Citi strategists have upgraded US equities to an Overweight position as current financial and market conditions are expected “to keep risk outlook bullish.”
To be more specific, the current macro environment is characterized by loose financial conditions and low cross-asset volatility, which support investor risk appetites, Citi noted. While economic growth has been disappointing, it is not worrisome, and inflation appears to have stagnated above target.
Moreover, the Wall Street giant highlighted that equities continue trading toward a soft landing scenario.
“With the direction of the Fed’s future rate direction looming large, and important upcoming growth, inflation, and labor market readings, any strong deviation could leave the market exposed, in our view,” strategists wrote.
As such, strategists have introduced several position changes. They have slightly reduced their equity overweight, now favoring the US market. In the rates sector, they maintain an overweight position in the core EU and have moved to a long position in US fixed-income.

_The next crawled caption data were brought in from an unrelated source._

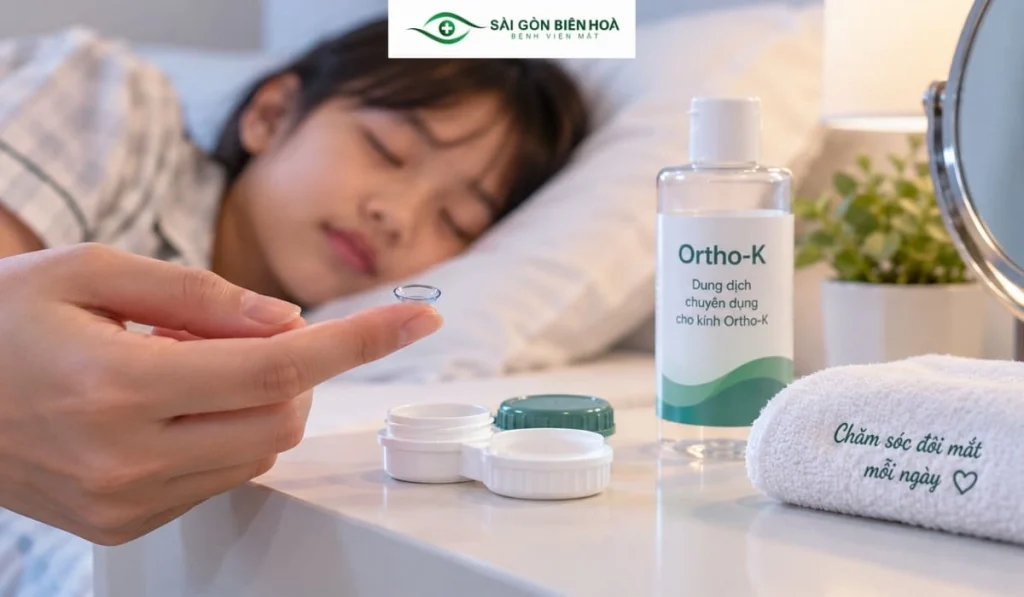 Kính Ortho-K được đeo chủ yếu khi ngủ, giúp duy trì hiệu quả điều chỉnh thị lực tạm thời vào ban ngày.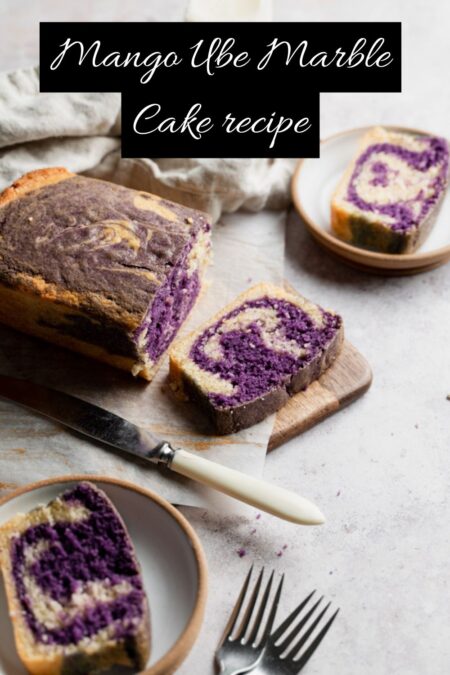 Image showing Mango Ube Marble Cake recipe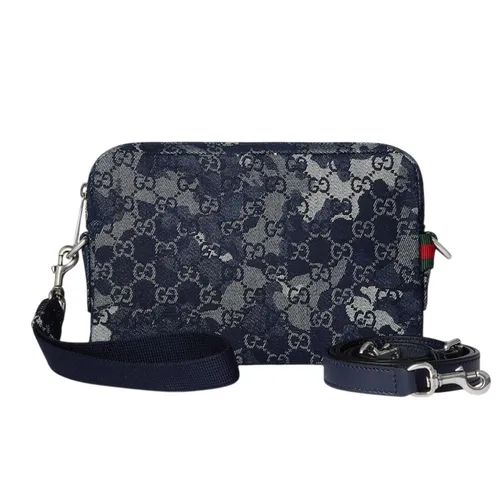 Túi Đeo Chéo Gucci GG Denim Small Crossbody Bag Màu Xanh Navy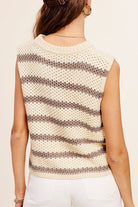 Chunky Stripe Sleeveless Sweater Top - RARA Boutique 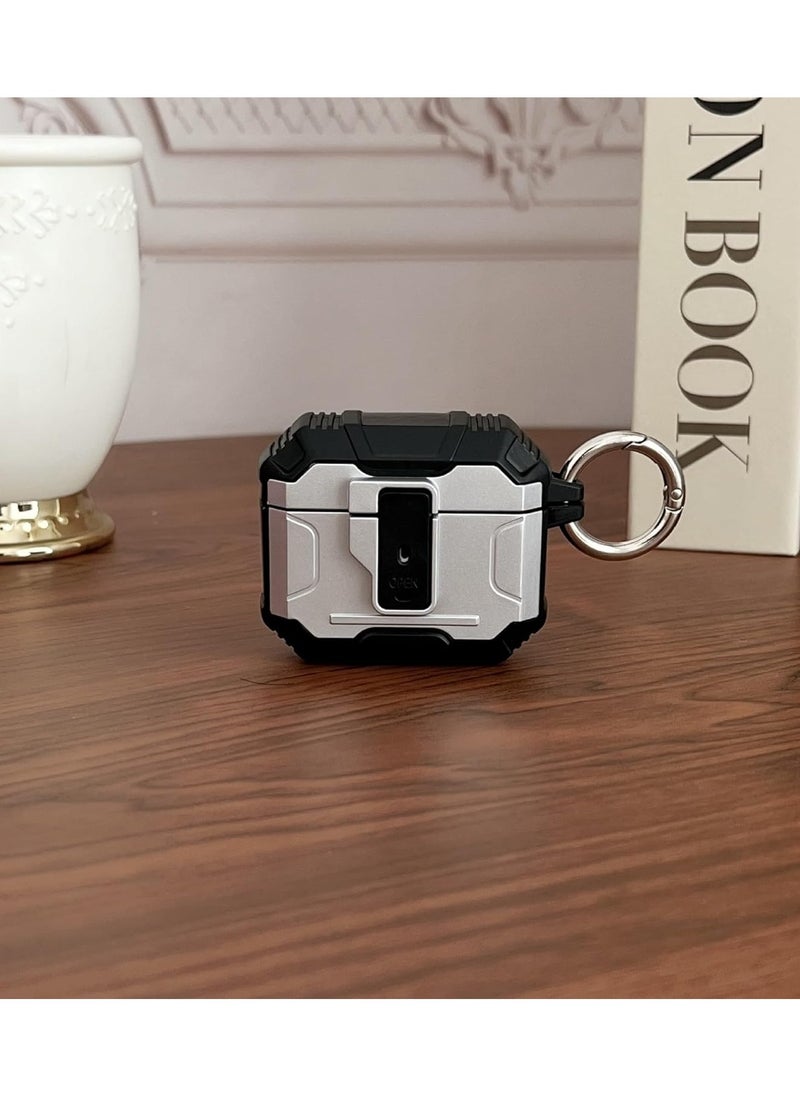 Generic - Lock Case Compatible with AirPods 4 NC with Active Noise Cancellation with Keychain, Cool Rugged Armor Shockproof Protective Cover Compatible with AirPods 4 NC SILVER - Image 1
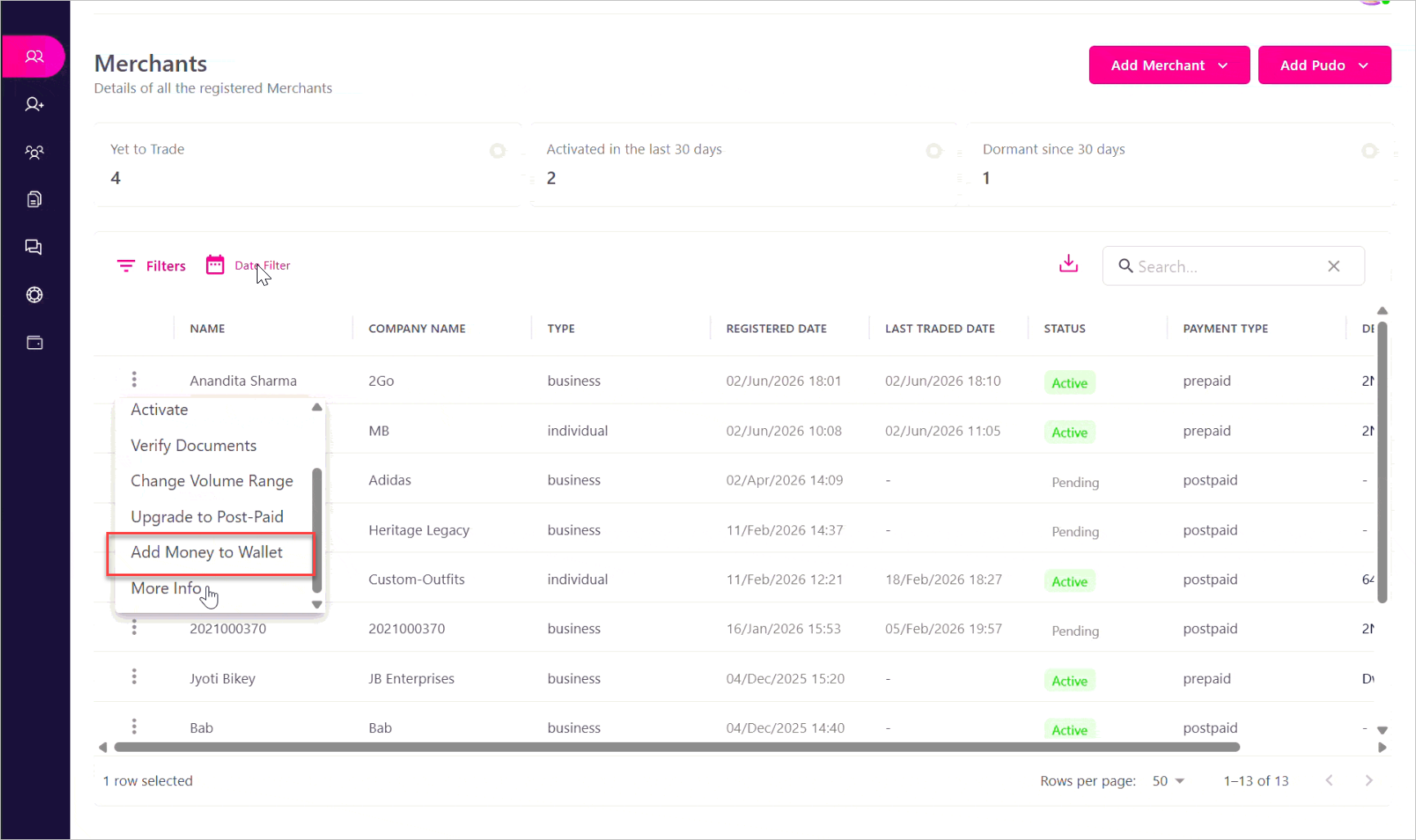 Manual Wallet Funding and Transaction Management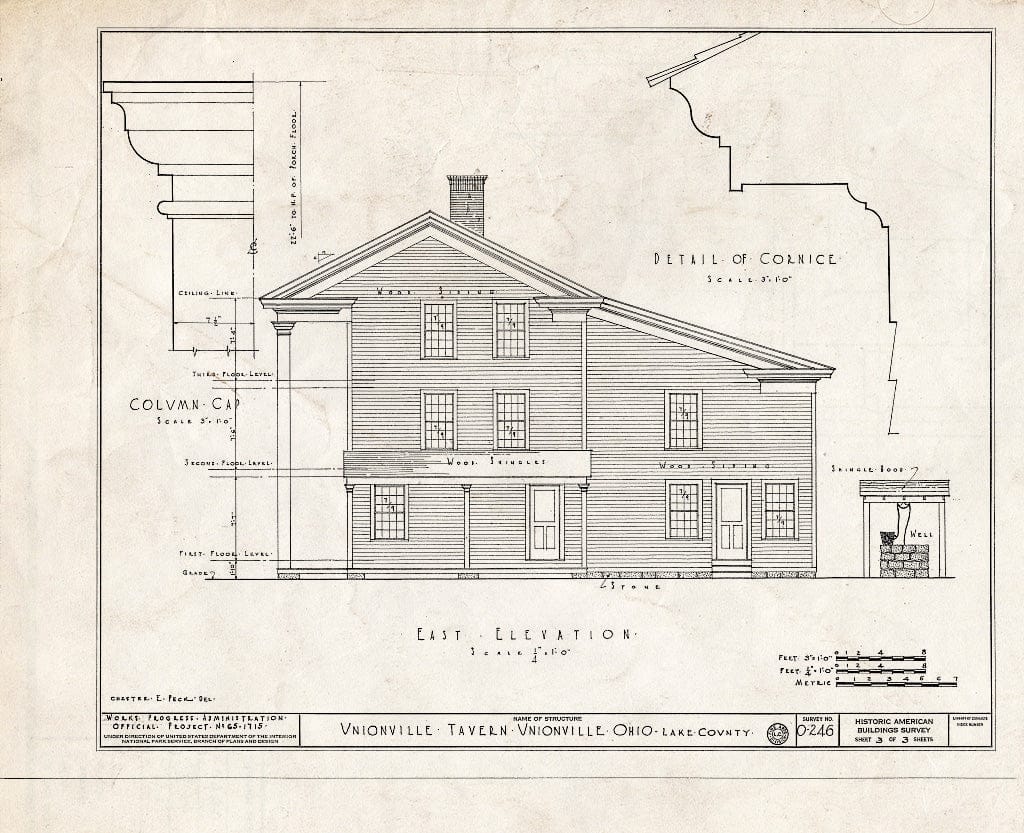 Blueprint HABS Ohio,43-UNIV,1- (Sheet 3 of 3) - Unionville Tavern, County Line Road, Unionville, Lake County, OH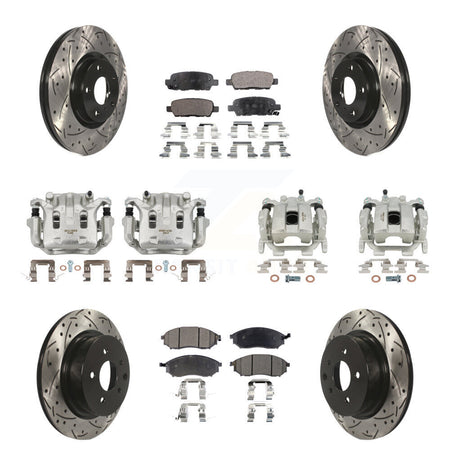 Front Rear Brake Caliper Drill Slot Rotor Semi-Metallic Pad Kit (10Pc) For INFINITI EX35 KCD-100405P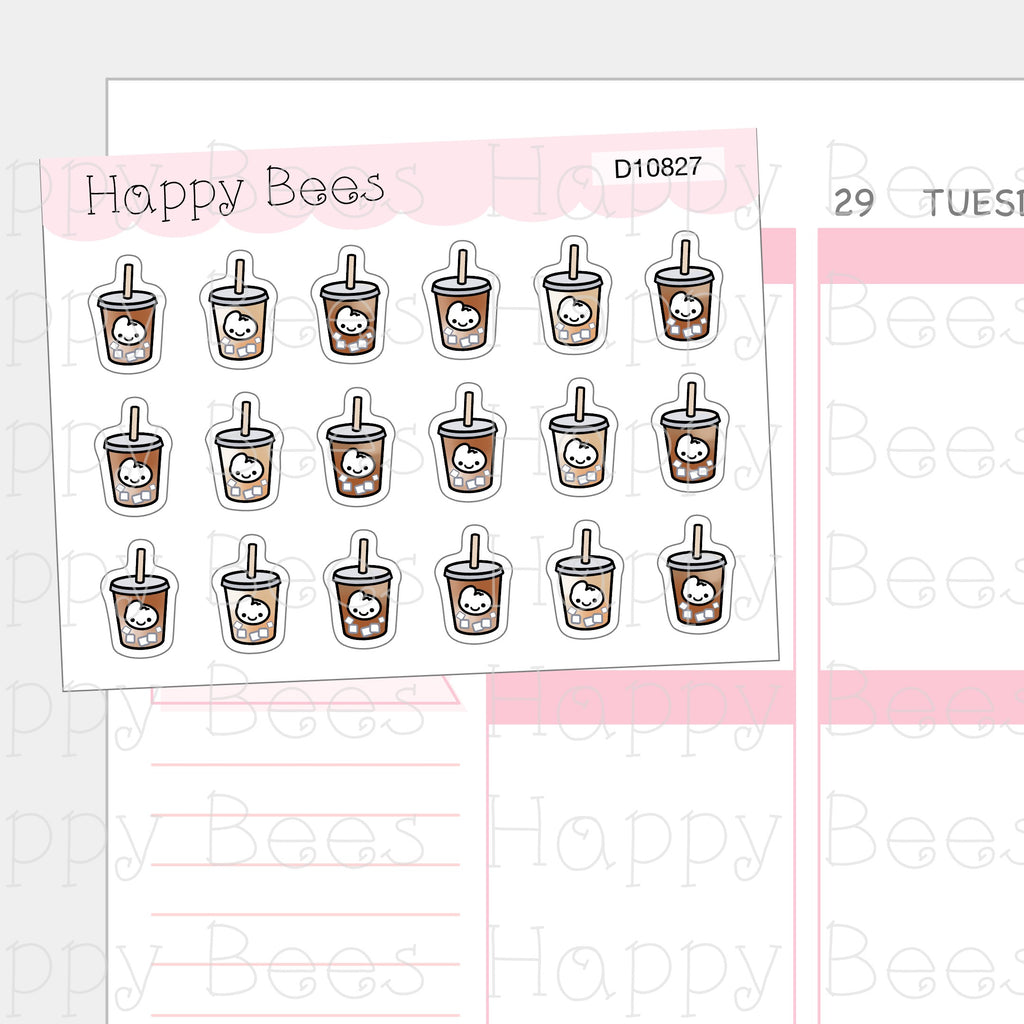Iced Coffee - Cute Cafe Summer Drinks Planner Stickers D10827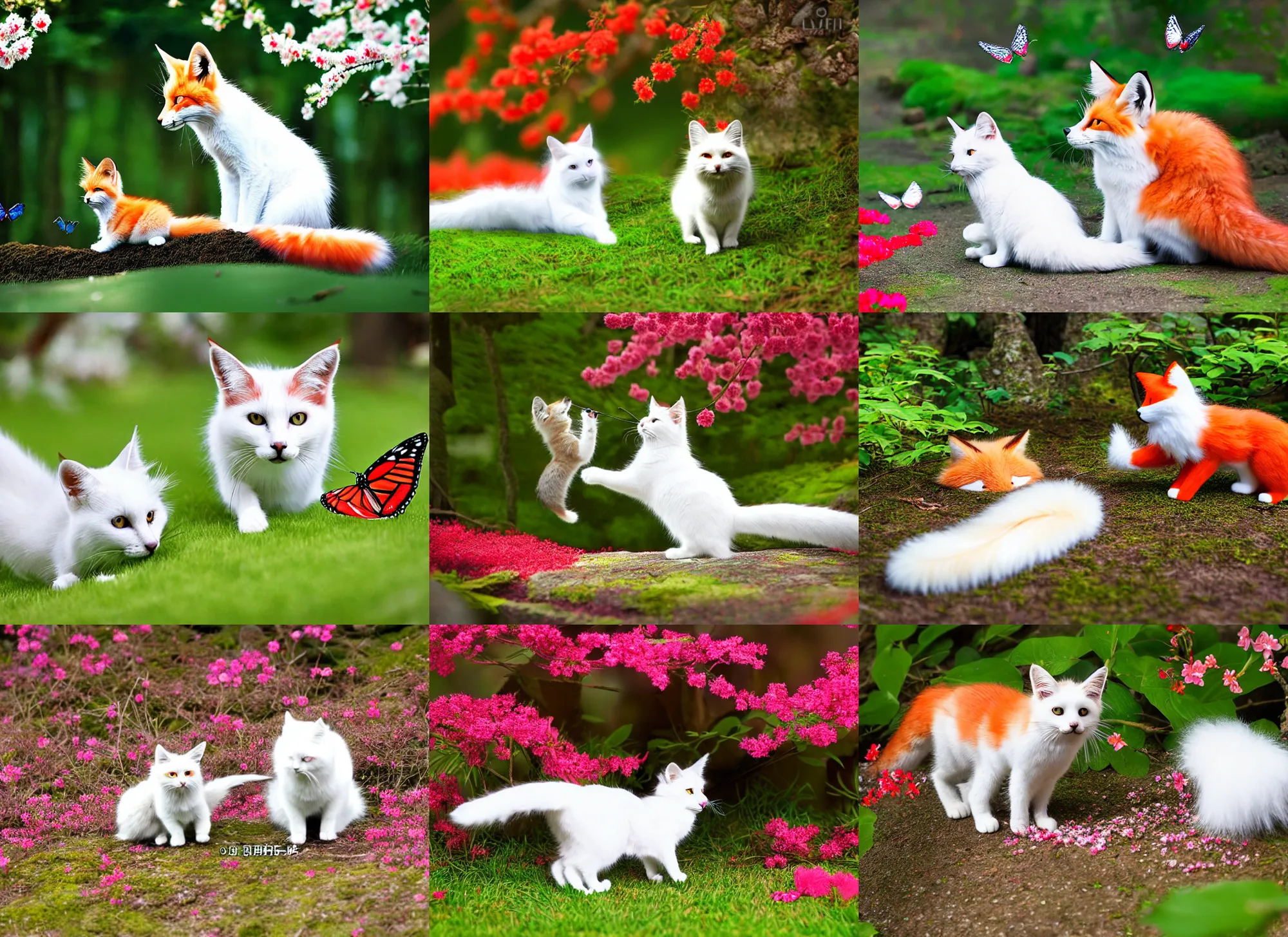 Prompt: white cat with fluffy red tail like fox tail playing with butterfly at sakura forest, high detailed, hyper realistic, photorealistic, leica 8 5 mm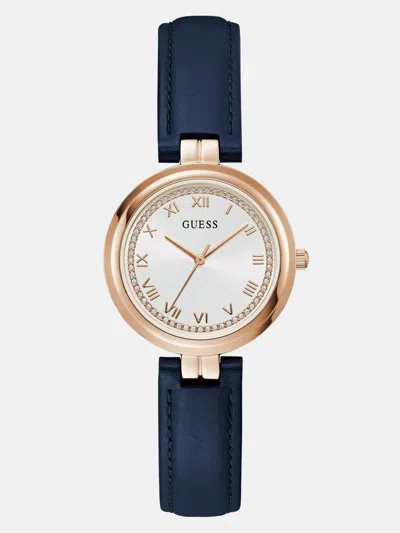 Guess Factory Rose Gold-tone Analog Leather Watch In Multi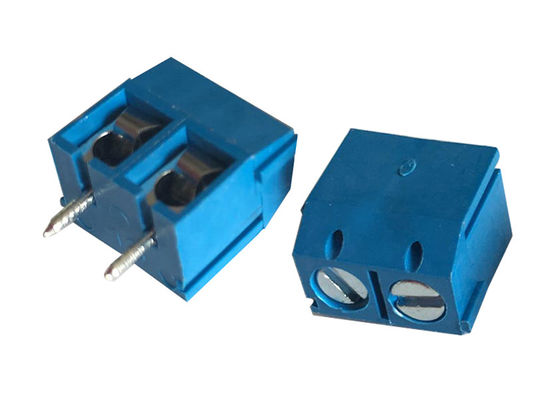 5.00mm Pitch 02p Wanita lurus PCB konektor Biru terminal blok konektor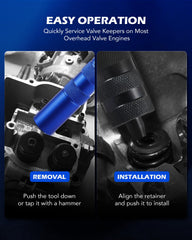 Valve retainer seal removal with Orion kit reduces engine workspace strain.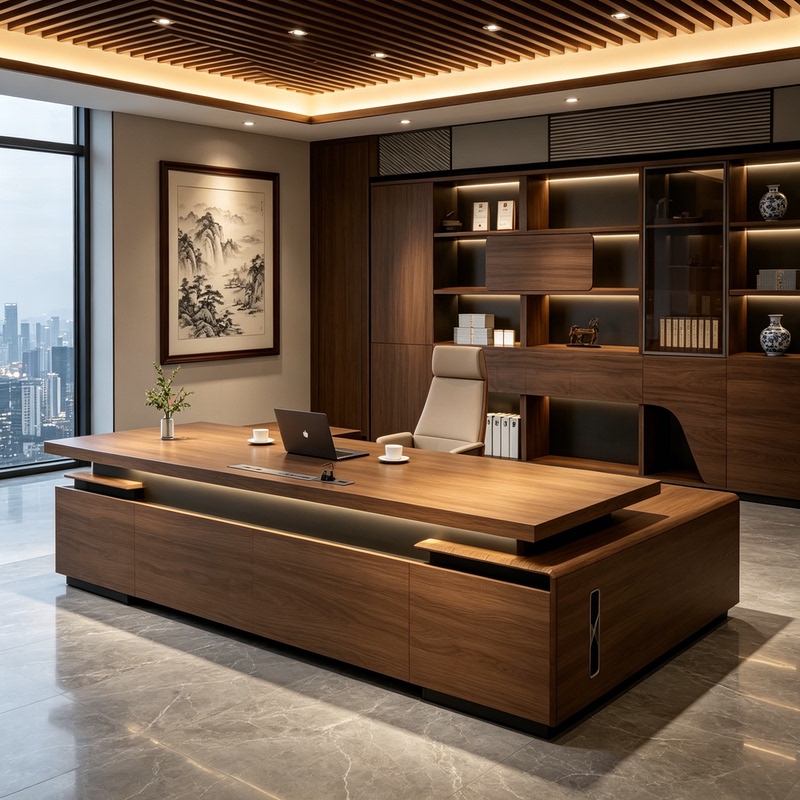 Modern North American Black Walnut L-Shaped Executive Desk Storage Cabinet Bookcase President's Office Desk and Chair Set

Citi said its economists expect inflation to remain elevated and anticipate a recession in the US this year. Assets that would be most at risk of “catching up” to these conditions are fixed-income assets (positively affected) and credit, as well as base and precious metals.
“Given the uncertainty, scenario analysis is the best way to deal with such a range of outcomes,” Citi wrote. “We run several and the results are somewhat as expected – bonds do well in recessions, equities in a soft landing.”
Among other position changes, Citi has increased its credit underweight to allocate more to base metals and, to a lesser extent, energy overweights, while its cash position remains flat.